She was born Febuary 6, so she's almost 15 weeks old.


----------



## dr.jaimie (Mar 23, 2004)

thats pixels bday too..shes 15 weeks today..cause feb 6 was a monday hehe..so pixel and pixie will share a bday


----------



## Furbabymom (Dec 17, 2004)

Barb's adorable Darla's 14th birthday I think was 02-14-06 since Susie was calling her Valentina so maybe your Pixel is not related to Darla after all.

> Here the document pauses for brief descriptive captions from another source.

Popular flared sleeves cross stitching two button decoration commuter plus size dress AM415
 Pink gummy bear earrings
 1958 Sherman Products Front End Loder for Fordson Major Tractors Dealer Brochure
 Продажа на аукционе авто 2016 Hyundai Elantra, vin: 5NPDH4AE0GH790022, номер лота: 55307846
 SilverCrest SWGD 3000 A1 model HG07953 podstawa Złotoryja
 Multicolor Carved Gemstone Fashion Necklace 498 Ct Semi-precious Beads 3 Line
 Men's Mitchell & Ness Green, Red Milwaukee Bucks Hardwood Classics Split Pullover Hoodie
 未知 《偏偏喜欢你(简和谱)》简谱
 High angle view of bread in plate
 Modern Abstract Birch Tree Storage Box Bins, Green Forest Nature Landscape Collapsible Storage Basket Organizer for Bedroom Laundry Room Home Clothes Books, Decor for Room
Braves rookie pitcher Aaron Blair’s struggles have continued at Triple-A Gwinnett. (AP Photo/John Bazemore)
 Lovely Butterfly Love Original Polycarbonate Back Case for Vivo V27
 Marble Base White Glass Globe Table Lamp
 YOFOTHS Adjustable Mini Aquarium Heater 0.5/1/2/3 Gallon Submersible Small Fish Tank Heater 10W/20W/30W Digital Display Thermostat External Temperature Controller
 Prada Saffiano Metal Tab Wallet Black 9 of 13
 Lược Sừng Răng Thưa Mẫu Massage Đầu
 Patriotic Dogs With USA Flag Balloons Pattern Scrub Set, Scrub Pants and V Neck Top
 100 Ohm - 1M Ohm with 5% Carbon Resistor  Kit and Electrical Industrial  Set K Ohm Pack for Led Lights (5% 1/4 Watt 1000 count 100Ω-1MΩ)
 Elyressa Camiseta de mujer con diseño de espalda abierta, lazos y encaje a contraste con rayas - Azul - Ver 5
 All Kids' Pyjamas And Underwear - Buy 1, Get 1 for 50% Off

I Guess I just thought she was 15 weeks due to her glorious coat but it looks like she is 14 weeks if born on 2-14-06. So I guess your Maltese are not related after all despite I think having the same dad, just different mothers.

Susan & my furkidz in NJ





> thats pixels bday too..shes 15 weeks today..cause feb 6 was a monday hehe..so pixel and pixie will share a bday[/B]


----------



## momtoboo (Jan 30, 2006)

Congrats







.She's very cute.


----------



## AmyGil (Jan 6, 2006)

What a sweetie. I envy all these little puppies.


----------



## Boobookit (Dec 3, 2005)

Oh, how adorable!! I LOVE the name Lindy...it is so different! (and as you can see I like different)

Marie & Pacino


----------